山の恵み
山の幸というと春の山菜や夏の川魚、秋のキノコ等が思い出される。数えきれないほど山から恵みを戴いてる。ガマズミは初夏に白い花を咲かせ、赤い実は霜が降りると甘酸っぱくなる。小粒なのに種が大きいので食べないけれど、これで果実酒を作る人もいる。山の初冬を飾ってくれる。
山の冷気や清水は最高のぜいたくとも言える時代。雹や熊の被害にもめげず、リンゴの生産が盛んな農家も多い山間地。生食が一番好みだが、種を取り除き中にレーズンとバターとシナモン、砂糖を少し詰めた焼きりんご。漂う香りに幸福感でいっぱいになるオヤツ。
原木で栽培した椎茸はもちろん、ナメコやヒラタケも嬉しいもの。うっかりすると収穫時期を逃してしまう。忘れた頃に見廻ると又、頭を出していたりする。大きくなり過ぎたヒラタケから胞子が飛散しているのを発見。

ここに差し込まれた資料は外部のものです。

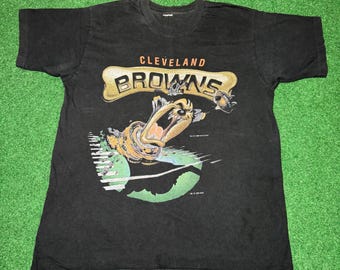 Vintage 90s Cleveland Browns Taz T-shirt, NFL Football (Large)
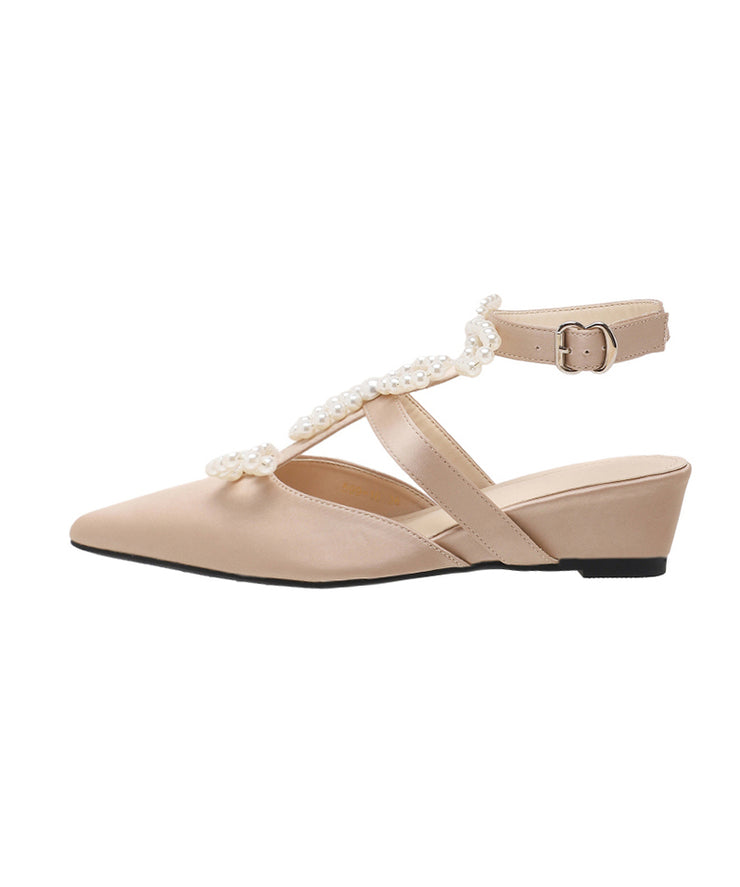 Pink Nail Bead Splicing Wedge Sandals Shoes Pointed Toe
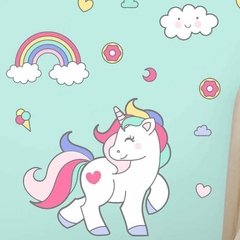 Vinilo Decorativo Unicornio Arco Iris Pastel - Mister Vinilikus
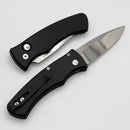 Pro-Tech Duke Custom Black Aluminum Handle & Polished Mike Irie Compound Ground 154CM Blade 2025 Custom 003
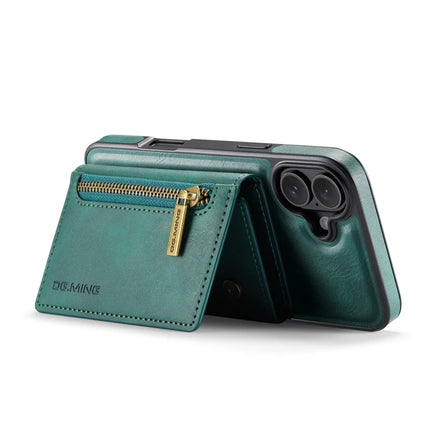 DG.MING M5 Series For iPhone 16 Plus Case Detachable Magnetic Leather Phone Cover with Card Slots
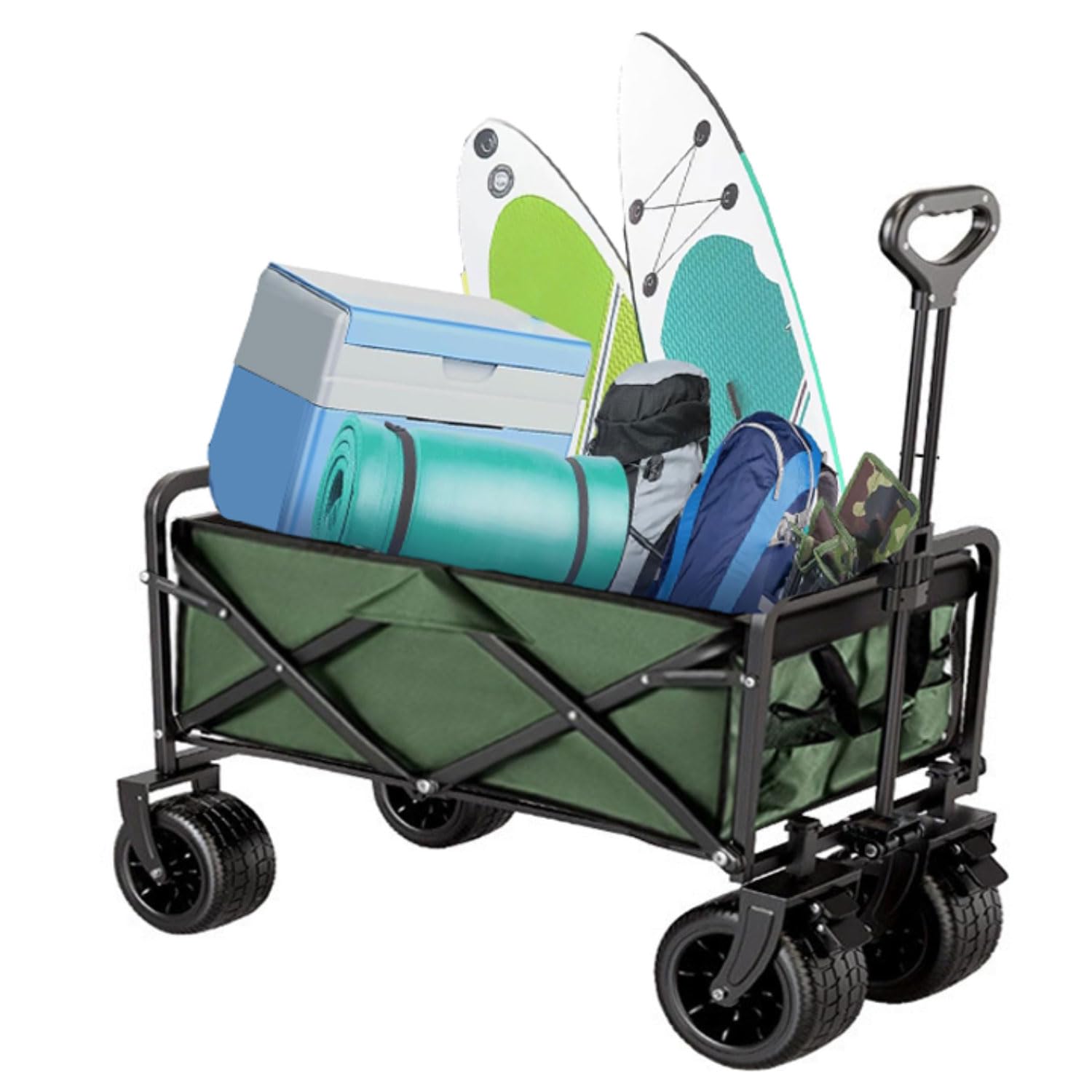 Carrello Pieghevole con Freni Maniglia Telescopica Carrello Pieghevole Trasporto con Ruote Portatutto Carrello Carrello da Giardino Carrello Portaoggetti per Rimorchio Giardino Campeggio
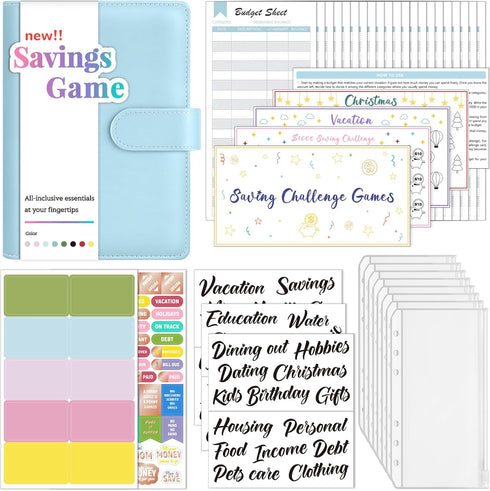 Sooez Budget Binder with Cash Envelopes, Money Saving Challenge, Expense Sheets, Challenge Tracker & Category Labels,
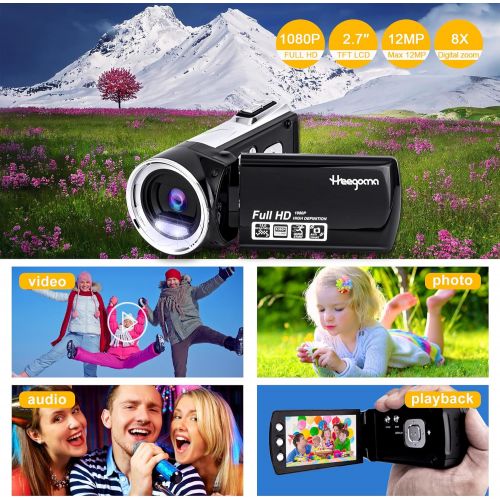  Heegomn Kids Video Camera Camcorders Digital Camera Recorder FHD 1080P 30FPS 2.7 Inch Video Recorder Vlogging Camera DV Camcorder for Kids Children Student Teenager Beginner-Holiday Birthd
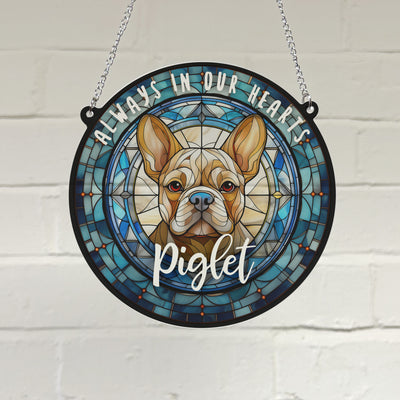 French Bulldog Tan Memorial Stained Glass Effect Suncatcher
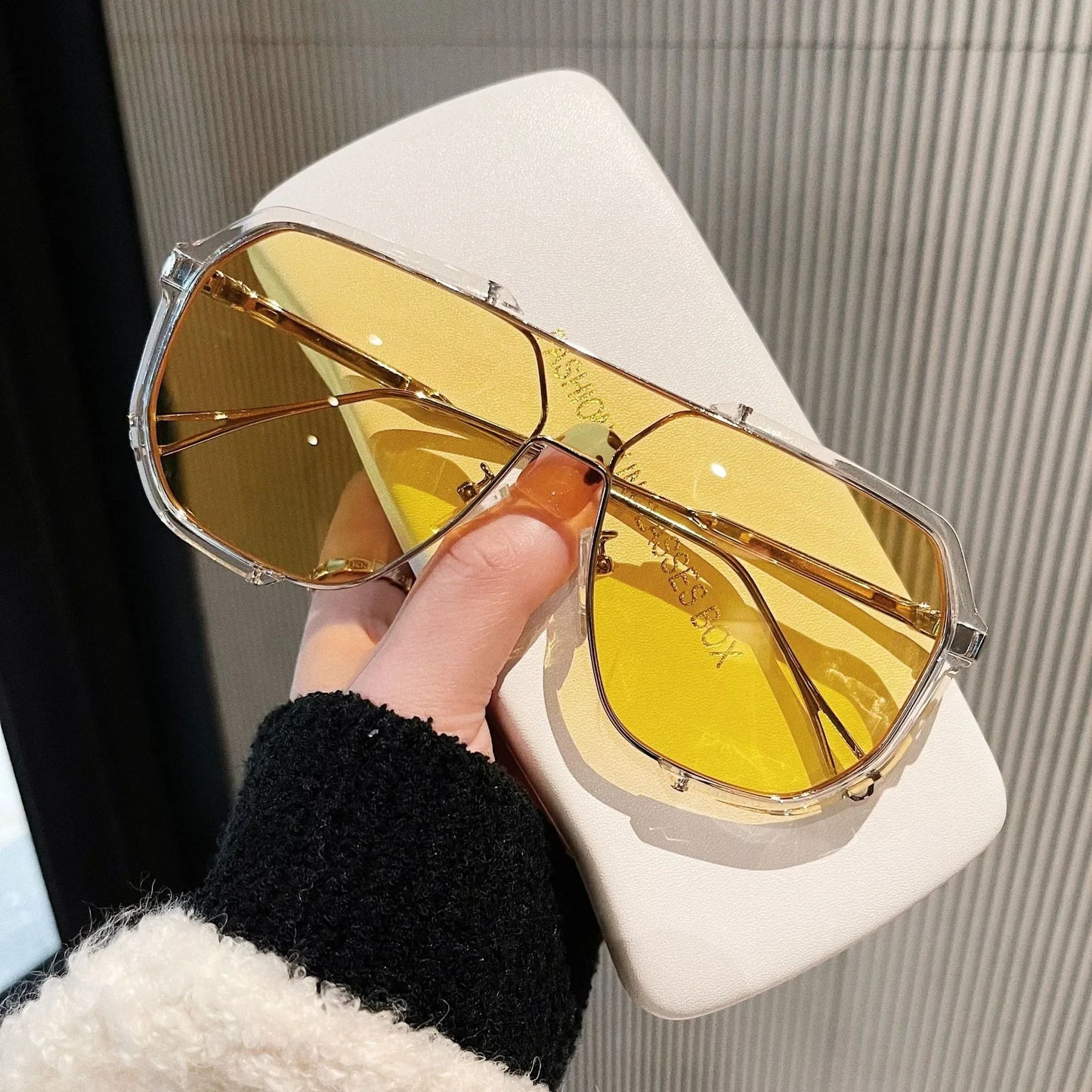 Oversized UV400 Sunglasses - Unique One Piece Fashion Eyewear for Men  Women - ZOOMNSTORE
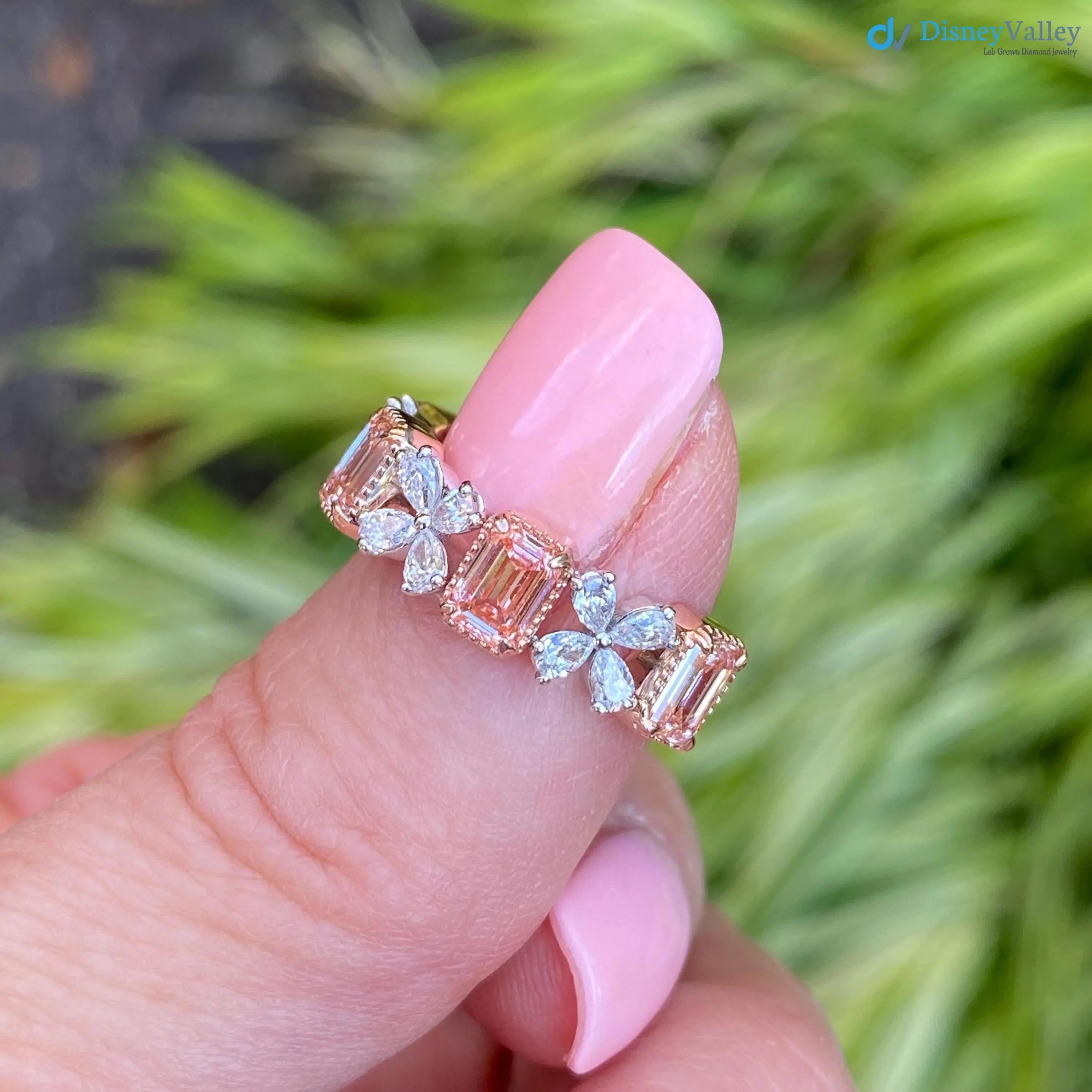 2.30ct Pink Emerald Cut and Pear Cluster Lab Grown Diamond Gold Band DisneyValley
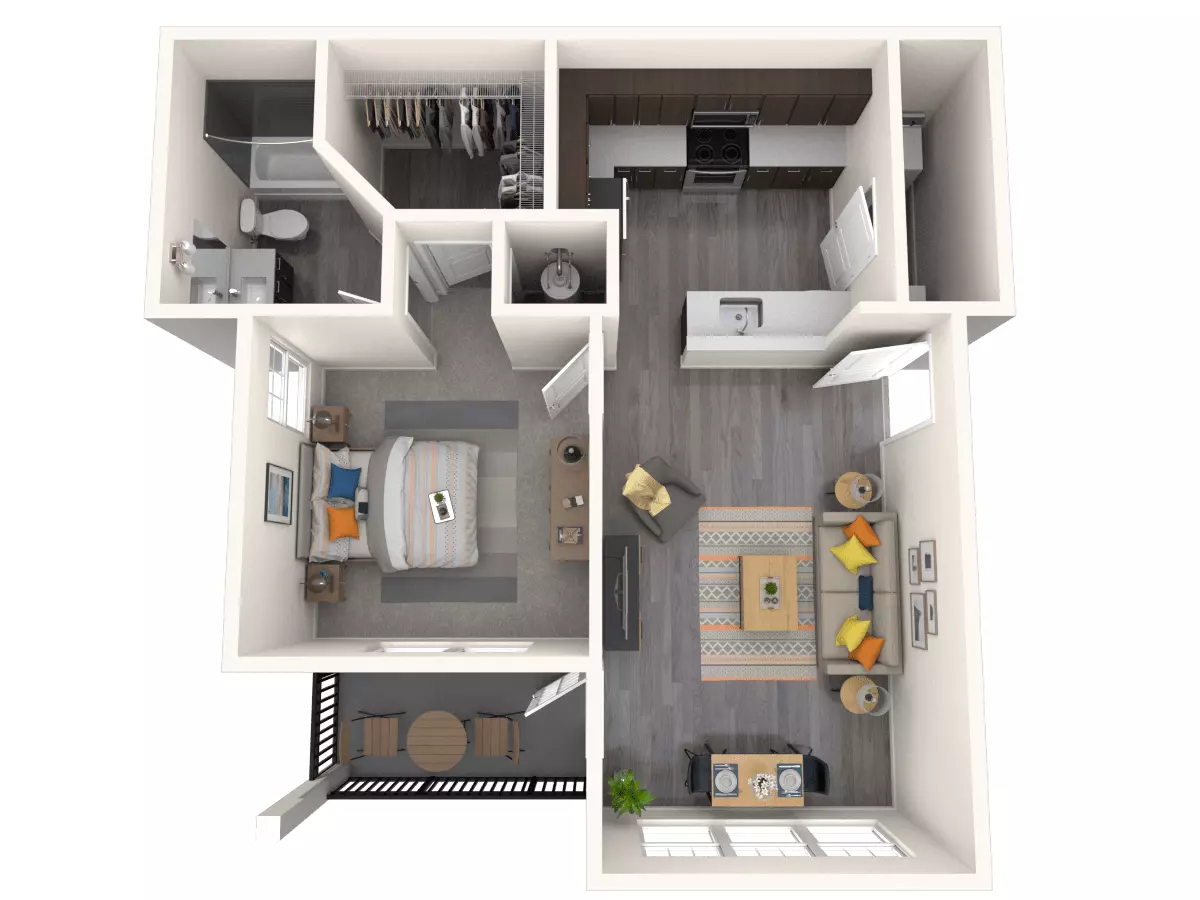 1 Bed • 1 Bath 05103 floor plan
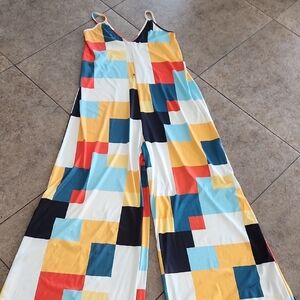 VENUS...Wide-Leg Geometric Print Jumpsuit in Yellow, Blue & Red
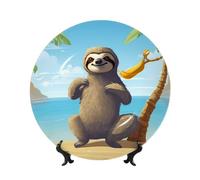 QMKFWT Sloth on Beach Bone China Decorative Plate,8inï¼ˆ20cmï¼‰ Ceramic Decorative Plates with Display Stand,Ceramic Ornaments Art Porcelain Plate for Home Office Wall Decor Collections Plates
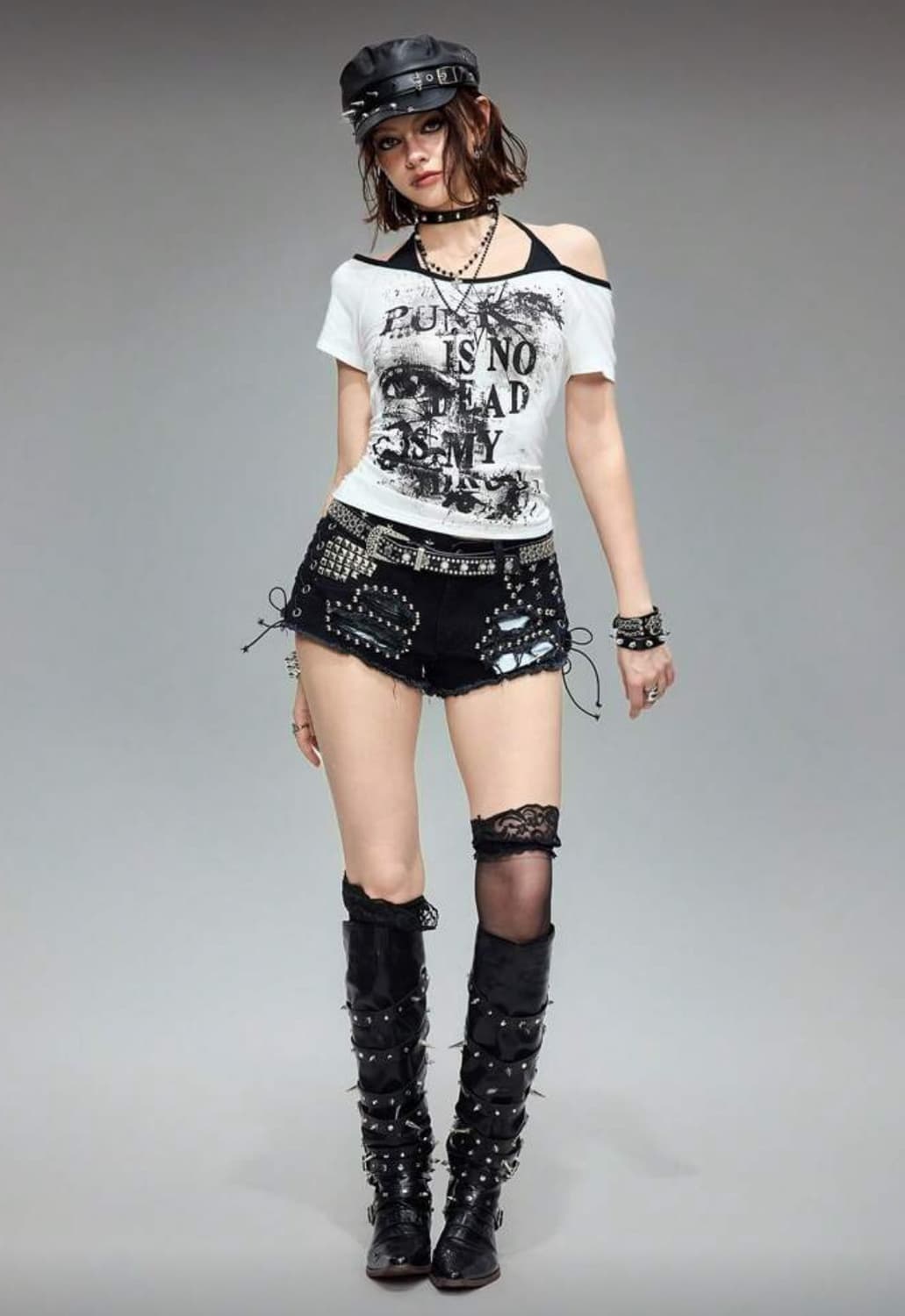 스터드 반바지 블랙 핫팬츠 숏팬츠 상품이미지5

何度も何度も白く息巻く感動の瞬間を必死にとらえたけれどお分かりいただけるかどうか。
ブルーベリーの栽培に火がついた夫は今年、いろいろな種類の苗木を大分増やした。根元の保護に針葉樹の枯れ葉が良いらしく、初雪の前に梳き込んだ。来年は無理としても、四季を通して収穫できる日が楽しみ。花と実と紅葉の三拍子そろうのも気に入ってる。
ナツハゼはジャムにしても美味しく野生のブルーベリーとして人気がある。犬のサチが楽しみにするものの一つ。四季生りの最後のワイルドストロベリーも、サチの口へ。日本ミツバチの採蜜は、とうとう諦めた。女王蜂やまだ細々と咲く菊に飛んでくる蜜蜂の家族に今年は捧げる。仕掛けのペットボトルには、おとり用の蜜と酢と酒が入っていて強敵のスズメ蜂を捕獲した。